Thursday 3 July 2008

The Good, The Bad and The Cinematic: Wall-E

I have this thing in life, that sounds as cheesy as hell, and really is. If I have an opportunity that I am unlikely to ever have again, I take it. Unless it is, say, the opportunity to jump off of a bridge. That'd be silly. But it's the same reason I went to Paris last year, saw Springsteen in May, and have gone to Glastonbury the last two years running.

So when I was at Glastonbury last weekend and saw they organisers were showing a preview of new Pixar film Wall-E, I thought I'd grab a chance to see it - three weeks before the UK release. It meant sacrificing the Sunday night headline slots. But The Verve are boring, Groove Armada tired, and Manu Chao - well, that was a shame to miss. But to see Wall-E... well, it was worth it.

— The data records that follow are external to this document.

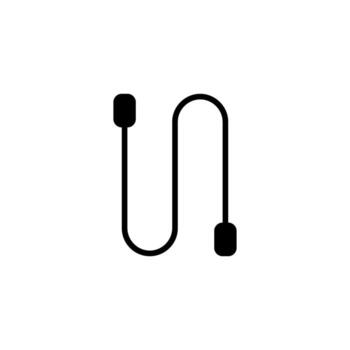 Minimalist depiction of a black cable in a winding path offering simplistic connectivity solution vector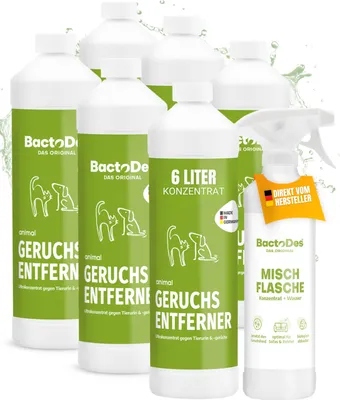 Produktbild von BactoDes Animal Geruchsentferner 6 x 1 L – Effektiver Enzymreiniger gegen Tiergerüche wie Katzenurin u. v. m., Konzentrat mit Misch- & Sprühflasche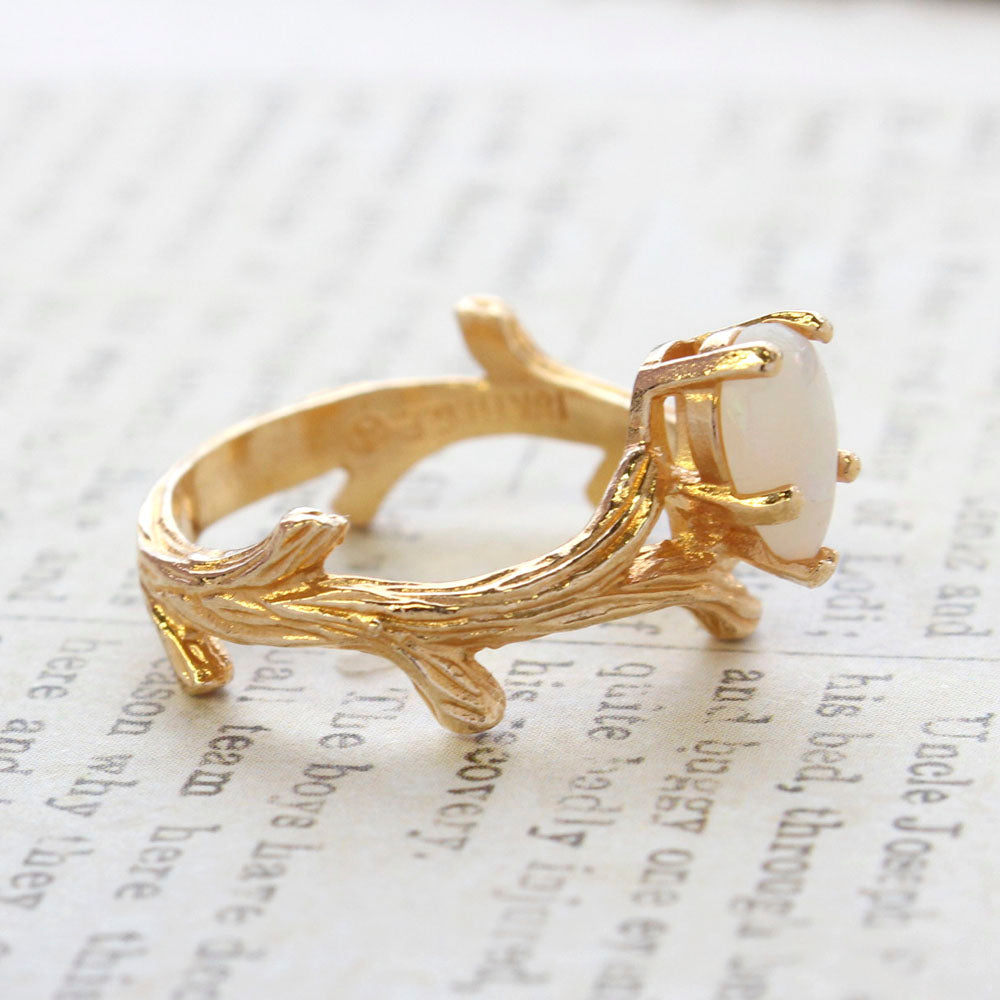 Vintage Ring Genuine Opal 18k Yellow Gold Electroplate Twig Style Band Ring made in the USA by PVD Vintage Jewelry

You see, there is little in Cinema that excites me more than a new Pixar film. Another Die Hard would, perhaps. A film in which Natalie Portman portrays, well, anyone... the resurrection of Hitchcock would no doubt garner some interest from me. But other than that, very little excites me more than a new Pixar output.

Wonderfully, Wall-E does not disappoint. In fact, it is certainly their best film since the groundbreaking Finding Nemo, and very possibly the best in the catologue so far. First of all, we have the title character, rendered in the most ridiculously loveable way, an innocent robot with a heart - the sort of description one might expect from a film on par with The Care Bears Movie. But here we see so much more than your average cliched children's cartoon character - we find depth and emotion and... and why is this worth even mentioning? The fact of the matter is that in every Pixar film - bar, perhaps Cars - we are introduced to solid story-telling, wonderful animation, and above all fantastic and well-loved characters. Whilst these are all factors that add to the phemonal rating this film will receive, it is not what raises it above its predecessors.

No, Wall-E succeeds because of the influences Pixar explores in it for the first time. The films screams Chaplin, Keaton and the names of so many other heroes of silent comedy. In a film where dialogue is at a bare minimum, everything balances on portraying voiceless characters and making them lovable. Where better to look first than Chaplin? Wall-E, as a character, owes more to Chaplin's tramp than, say, Short Circuit's Number 5.

All in all, Wall-E stuns. Visually, it is the most beautiful computer-animated film yet to grace cinema. The characters are wonderful, lovable and forever indebted to the silent comedies that have never even been seen by most of those who will see the film. Everything - everything - is wonderful, and never before have I felt so impressed, so in awe of an animated film. Miss this film at your peril.